Yesterday evening we watched the Parade of the Nations in the Olympic openings. Just over 200 countries represented, gathered to compete and hoping to bring glory back to their country with a shiny gold or silver medal. They looked like they were also having a good time gathered with fellow athletes worldwide.

The similarities are worth noting. Through accident of birth or tragedy of exile or the good luck to choose one’s home, everyone feels a certain allegiance to their country. Part of who they are is shaped by the culture, the economy, the weather and biome, the language, the food, their neighbors and so on. But part is the mystery of their particular character, the way they are attracted to one slice of human potential and have chosen to cultivate that through rigorous discipline and commitment. The athletes drawn to develop the strength, coordination, grace, expression of the human body, the musicians and dancers likewise committing to different muscle groups connected to producing coherent, powerful and beautiful sounds. Crossing national borders, they may have more in common with the athletes/ musicians they meet than with their next-door neighbor back home. Those involved in similar pursuits understand each other even when the language, dress and customs are different.

The differences are also worth noting. Athletes compete, musicians connect. Com-petition seen rightly is a kind of sacred covenant, two or more people who worship the same god and petition that god together (“com” the prefix that means “with”—com-panions break bread together—“con pan” in Spanish, com-rades are roommates sharing the same chamber –camera in Latin, etc.). They play against each other to spur themselves to higher levels of achievement and glory. After a good sports match, you sometimes see the players on opposite teams thank each other with genuine admiration. So at its best, athletes also connect and jazz jam sessions and battle of the bands are filled with examples of how musicians can compete.

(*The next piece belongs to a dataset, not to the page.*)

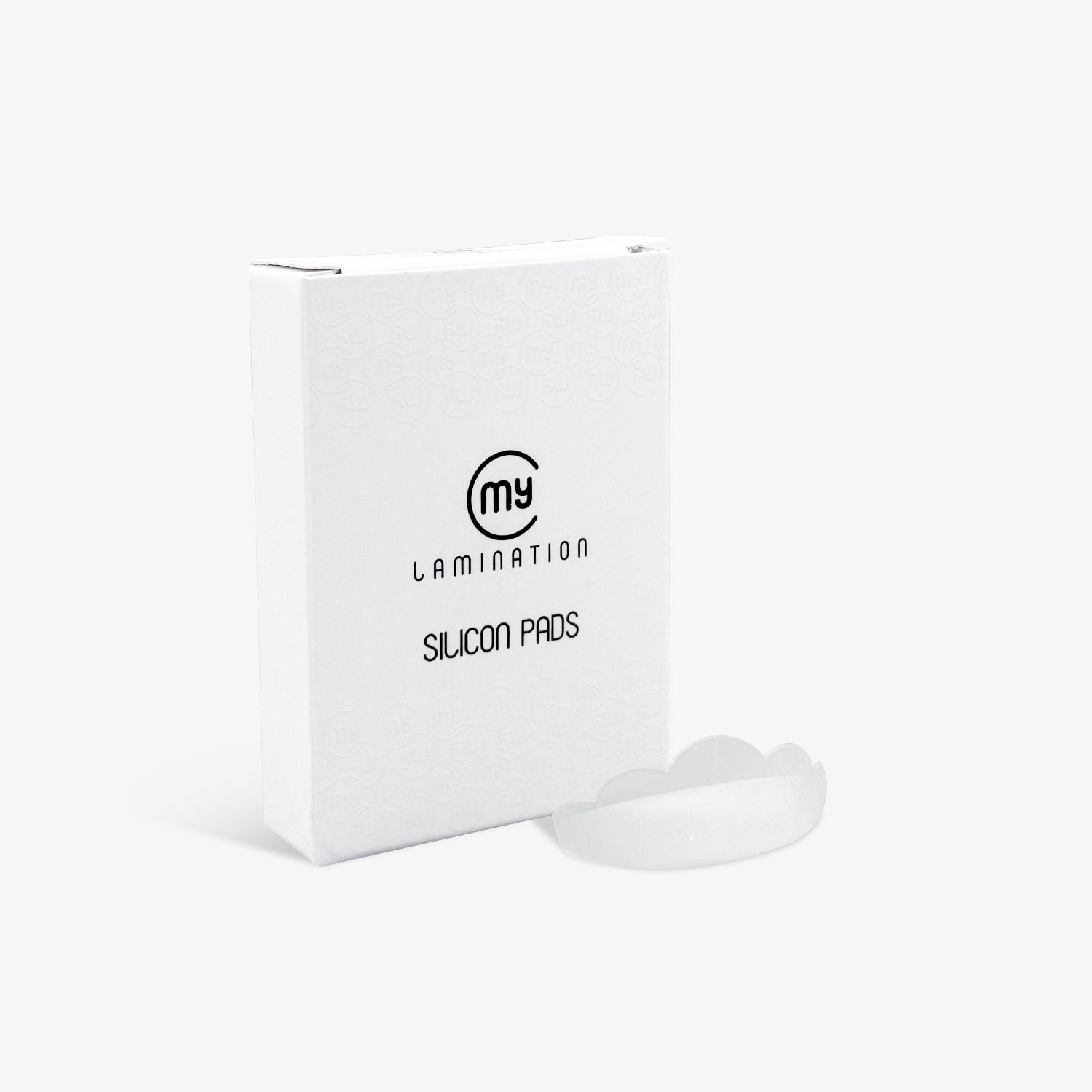 silicon pads my lamination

However, in our win and lose culture, the fans are mostly much more interested in the product (final score) of the game than the process of the competition. So the drama of the Olympics is who will bring home the gold. The commentators yesterday mentioned one country (I forget which) in which the athlete could be in danger of being murdered when he returned home if he didn’t win the medal, having brought disgrace on the nation. And Michael Phelps said in his interview that he was proud to be carrying the flag in the parade for “the greatest country on the earth.” (Really, Michael? Have you been following the news lately?) So lovely to have people gather from around the planet and I hope some of the athletes make some lifelong connections with fellow athletes from different places. (Do they?) But the general vibe is the same old sad story of who’s the best, who wins, who loses.

Meanwhile, at the Orff Olympics in the Carmel Valley, we gather together with the opposite intention. I teach a tongue-twister in English and then invite my students to share one from Finland, Italy, Germany, Spain, Colombia, Cuba, Brazil, Taiwan, Zimbabwe and none of them “win,” but we are all refreshed by the exchange. We create dances and music from the confluences of our backgrounds and something new in this world arises from the convergence of diverse energies. Because music and dance is the slice of humanity that chose us, we care about beauty more than points, aim for connection—with ourselves, with our musical ancestors, with our fellow musicians and dancers, with the act of creation itself. And because we are teachers, we make it all yet larger with the noble act of passing it on to children. Help them make the connections they need to grow into a whole human being and refresh the world with the convivial connected conversations we so desperately need.

So while the helicopters hover over the Rio stadium and the TV cameras all point there, one hundred beautiful souls in a small retreat center in the Carmel Valley are holding their own Orff Olympics that few will ever hear of, but the world will benefit from. 100 teachers teaching a few hundred kids means some 25 to 50,000 kids will have their days made just a bit brighter by the efforts these teachers have made to bring them great music and dance artfully and joyfully taught. That’s newsworthy, yes?